Task instructions
Retype the line with "Building Photo - 4185 Bullard St" exactly. Then retype every line after it through the end of the entries below, and nothing more, leaving out pictures.
================================
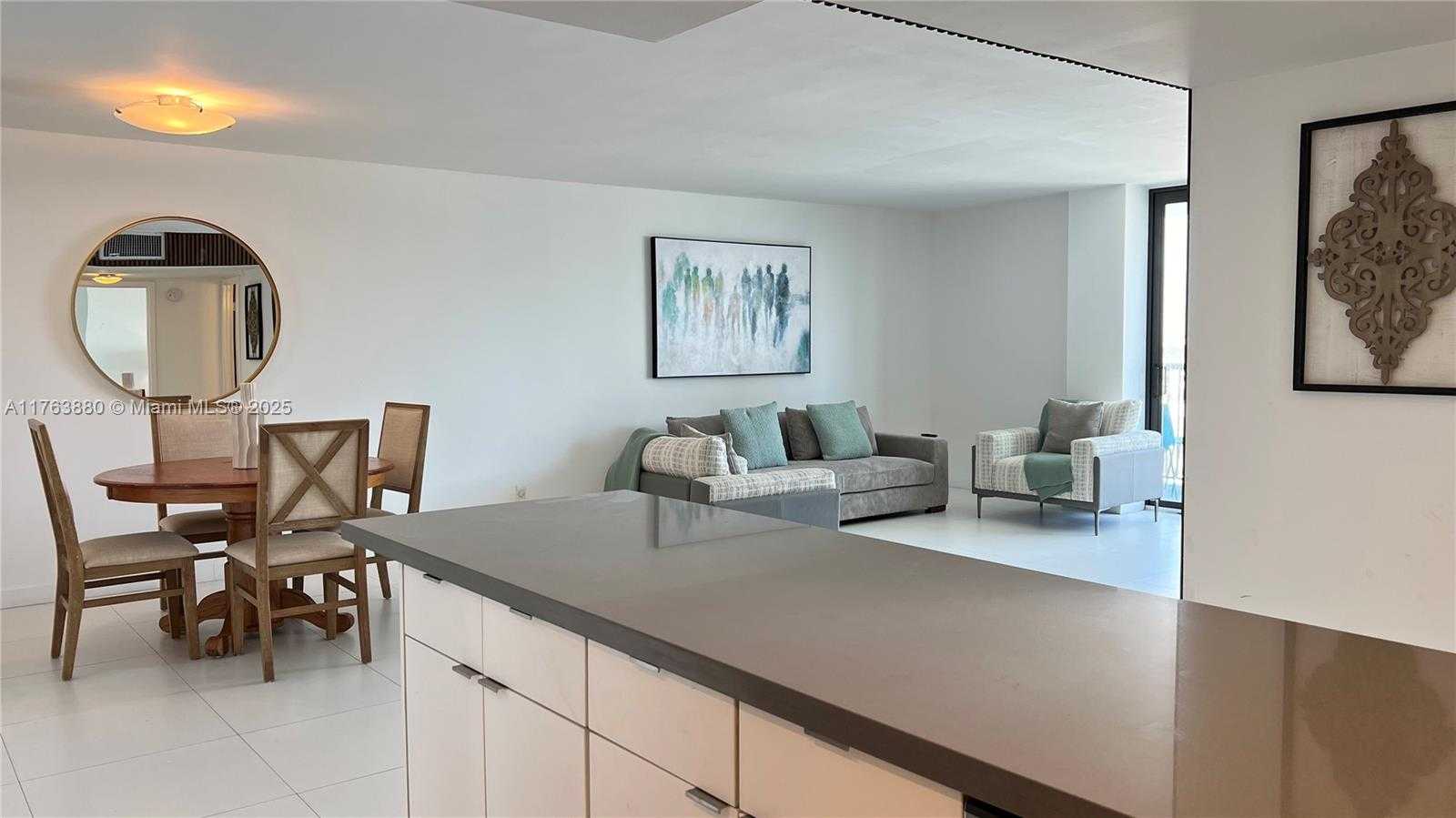 Small Image of 1800 COLLINS AVE #12B, Miami Beach Number 6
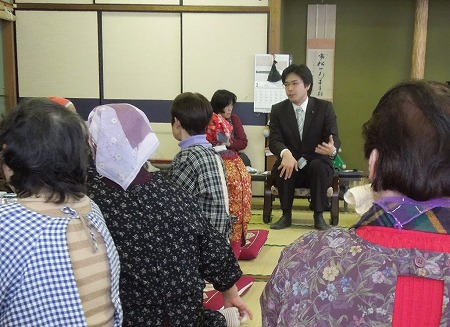 鹿部区の皆さんの会合で県政報告と意見交換。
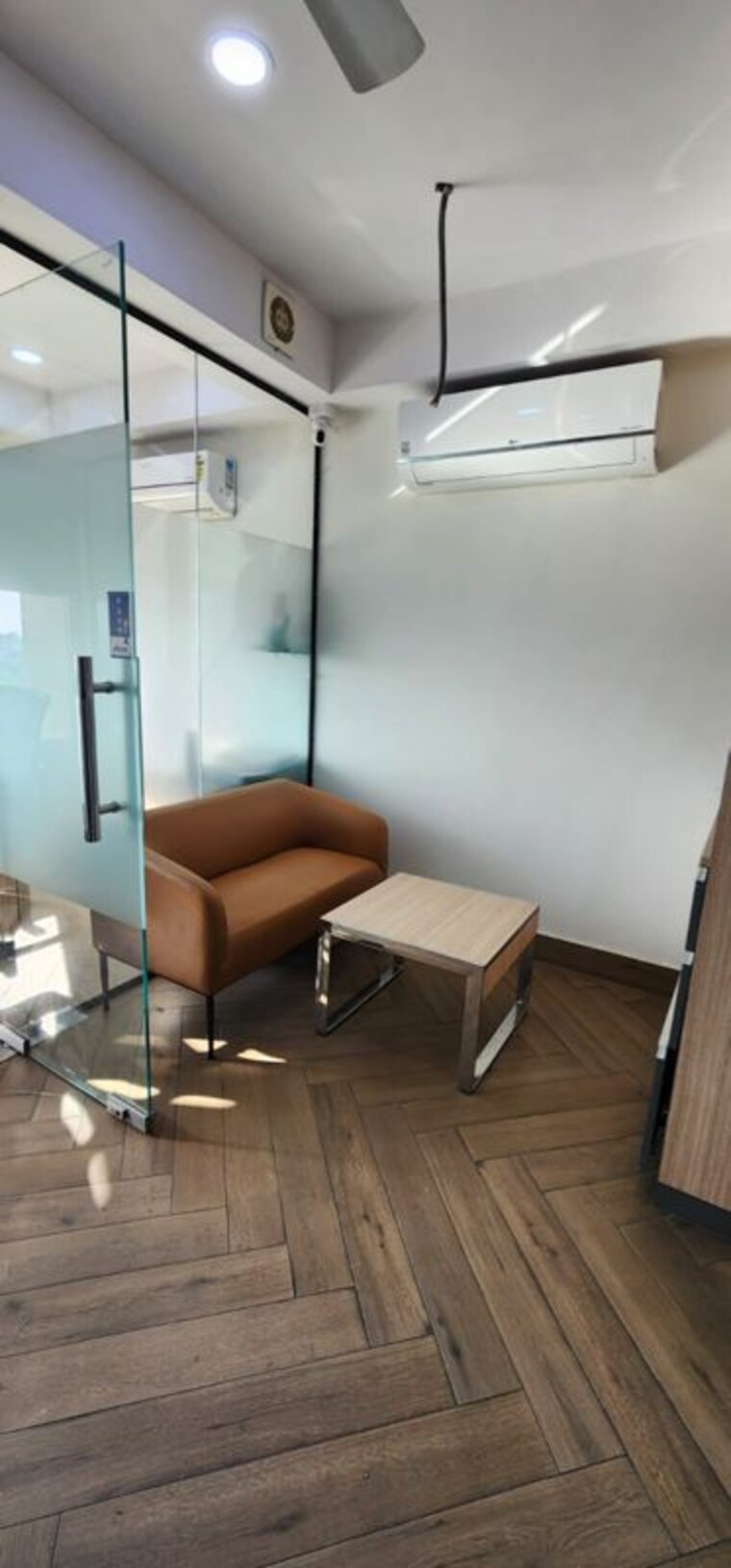 Team Area, puri-81-business-hub Commercial Office Space 500 Sq.Ft. In Sector 81 Faridabad 10055729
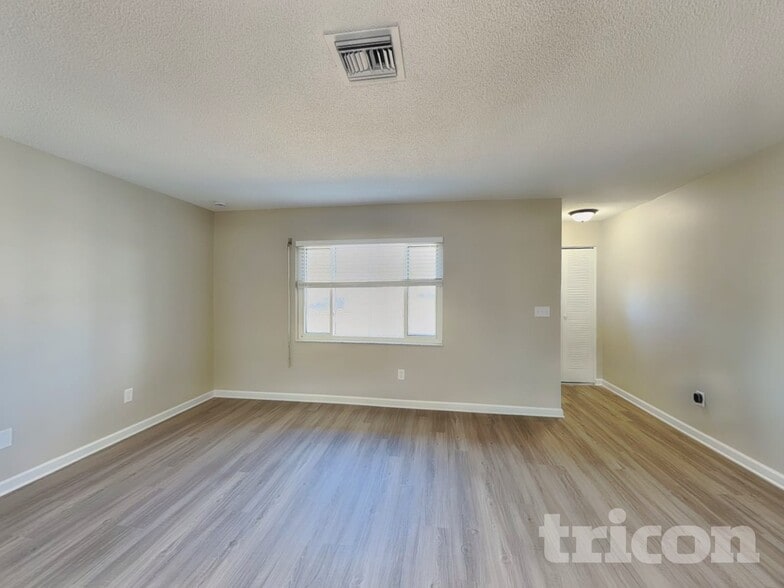 Building Photo - 4185 Bullard St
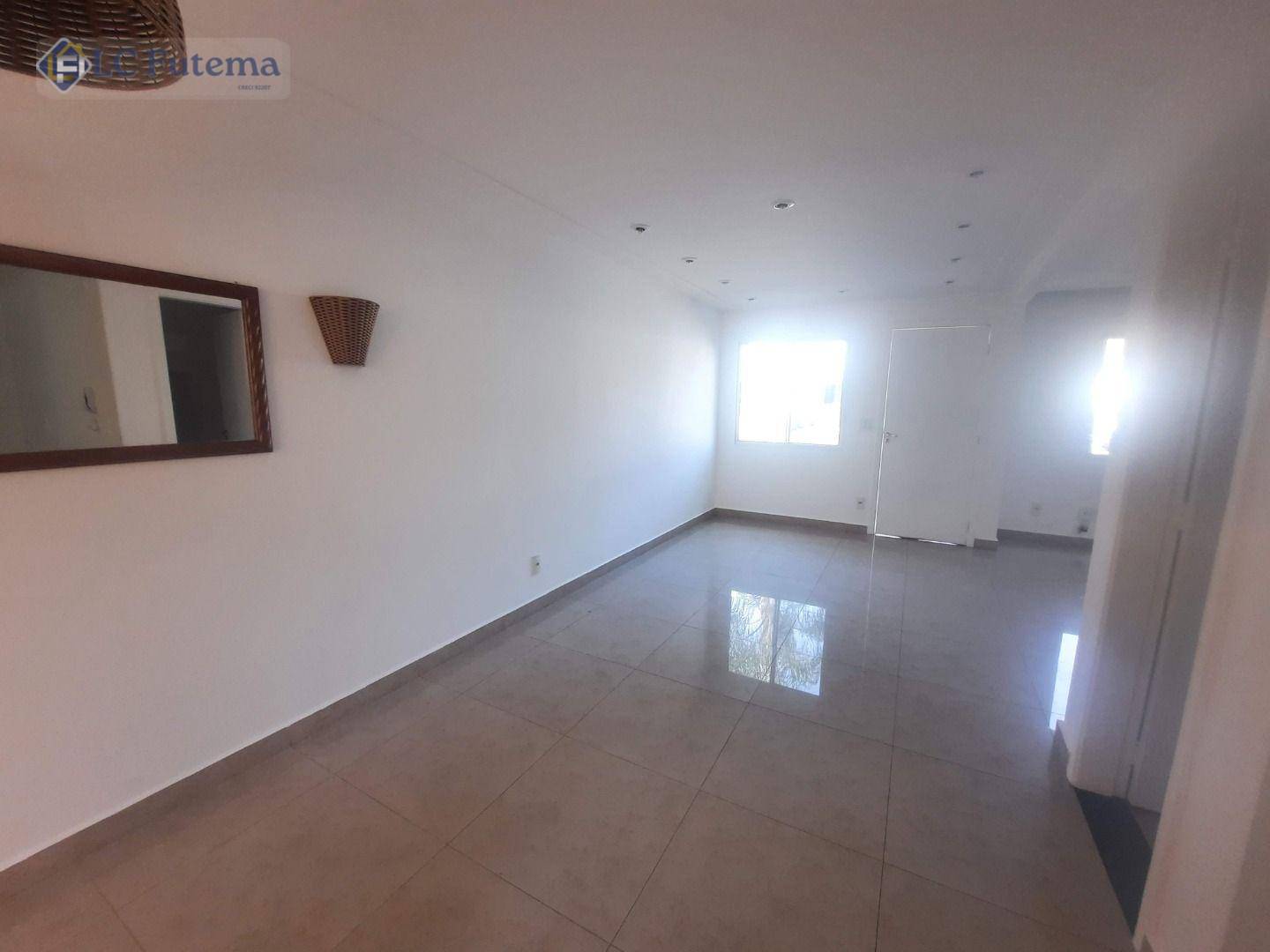 Casa de Condomínio para alugar com 3 quartos, 116m² - Foto 5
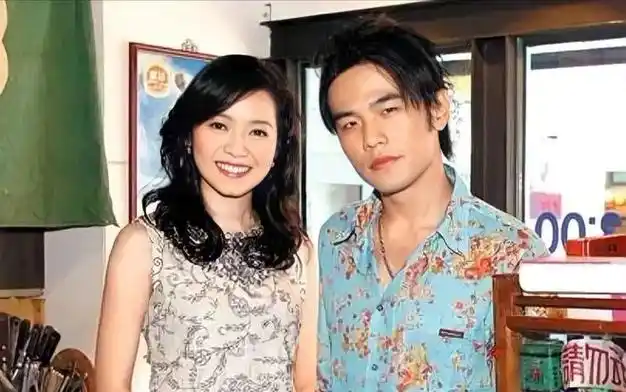 侯佩岑和周杰伦为什么分手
================================
Exercise output
 Building Photo - 4185 Bullard St
 Casa de Condomínio para alugar com 3 quartos, 116m² - Foto 5
 侯佩岑和周杰伦为什么分手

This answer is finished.